How could someone say that about such suffering? But this is exactly what we believe as followers of Jesus —that some of the change and transformation we need to go through only happens in the furnace of pain, grief and darkness. That’s where we’re changed. Some of you who’ve been through darkness and come out on the other side know what I’m talking about, because you know how it feels. And you can be real about it.

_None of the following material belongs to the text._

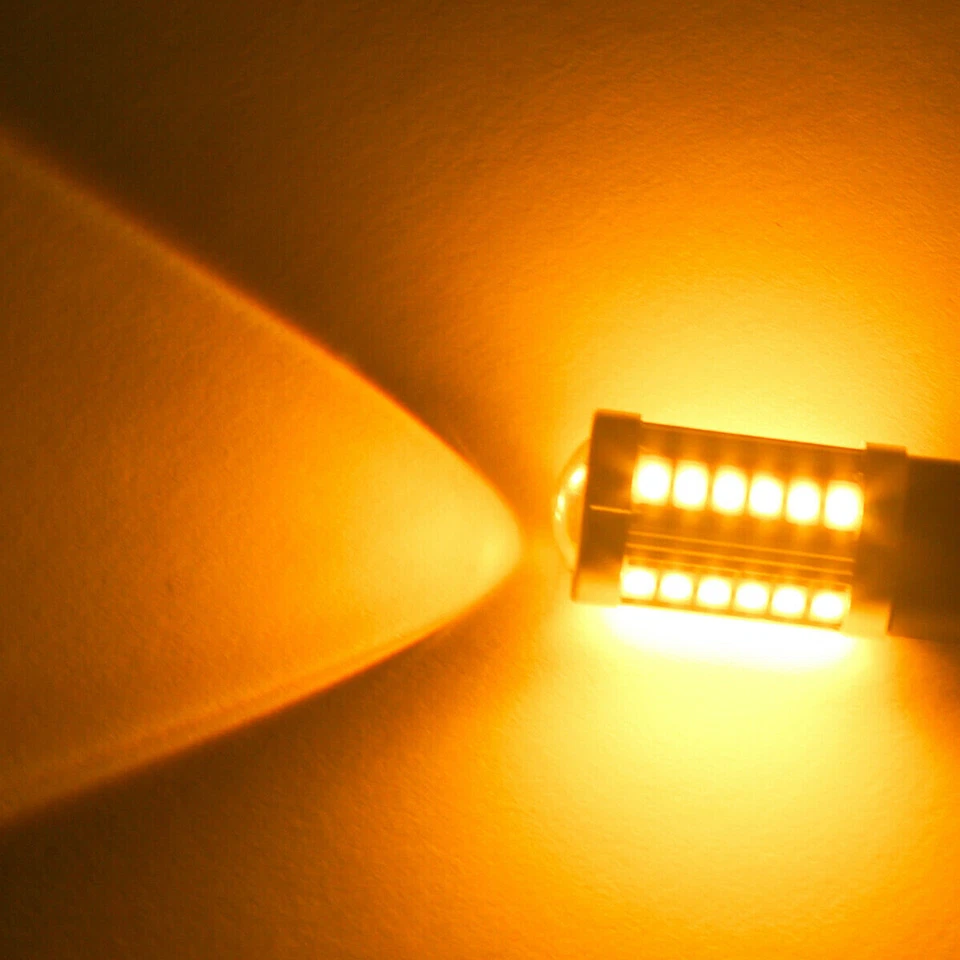 2* LED 1157 7528 Yellow Amber Blinker Lamp Turn Signal Marker Parking Light Bulb - Image 4 of 4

This Psalm says we can all be REAL. It says God wants us here at Ivy to be a community where whatever we go through we can be REAL about it and if you stick around long enough and go deep enough in doing life with each other we’ll go through these experiences, so we come in like this on a Sunday morning we don’t have to pretend, or compartmentalise our lives. We can be real with one another. We need to love one another like that, enough to make this more and more a safe place to bring our whole selves. Because God is our refuge and strength – safe enough for us to bring not just the good stuff to him but the hard stuff, too. Because he’ll be there. Because – he’s been there.
Our God really knows how suffering feels too.
How can I know whatever I go through he’ll be there?
Because whatever we go through, Jesus has been there too.
Our God is not removed from pain and suffering – Jesus stepped right into the pain and unanswered questions of this world. Where it seems when we need God most he feels furthest away, when it seems we’re abandoned, Jesus even knows how that feels because on the cross he cried out with everyone else who ever said it or felt it, ‘My God, my God, why have you forsaken me?’
Those are the exact first words of Psalm 22. In fact at least three other parts of this psalm are quoted in the story of his death.
In verse 7: “All who see me mock me; they make mouths at me; they wag their heads” —those are the exact words. Then I read Matthew 27:39 and it says: “And those who passed by derided him, wagging their heads” because this psalm is a prophecy – being fulfilled as Jesus id dying for us on the cross.
And in verse 16 of the psalm it says, “They have pierced my hands and feet.” They didn’t do that to King David. But he’s speaking prophetically – about who? JESUS! They put nails in there and there.
In verse 18, “They divide my garments among them, and for my clothing they cast lots.” Who did they do that to? That’s what the roman soldiers did as Jesus was absorbing into his sinless self, the sins of the world, yours and mine.
So the words, “My God, my God, why have you forsaken me?” are part of this psalm that is like a script written hundreds of years before – for Jesus’s last hours. All predicted in advance.
Why? Why did Jesus cry out about being forsaken?
So we would know now we never will be.
Because he bore our sins and broke the curse and died as a prisoner so we can life free!
With that in mind the way the Psalm ends (I love the way it flows in the Message) turns this solitary song of despairing alone, into one of hope for everyone – because of Jesus!
From the four corners of the earth
people are coming to their senses,
are running back to God.
Long-lost families
are falling on their faces before him.
God has taken charge;
from now on he has the last word…
As the word is passed along
from parent to child.
Babies not yet conceived
will hear the good news—
that God does what he says.
Through this psalm God is saying no matter what – as you go down into the darkness, trust that He will be there. God does what he says. You’re never alone – grab hold of him, and as you wrestle with him, you’ll come out the other side knowing he will never ever forsake you.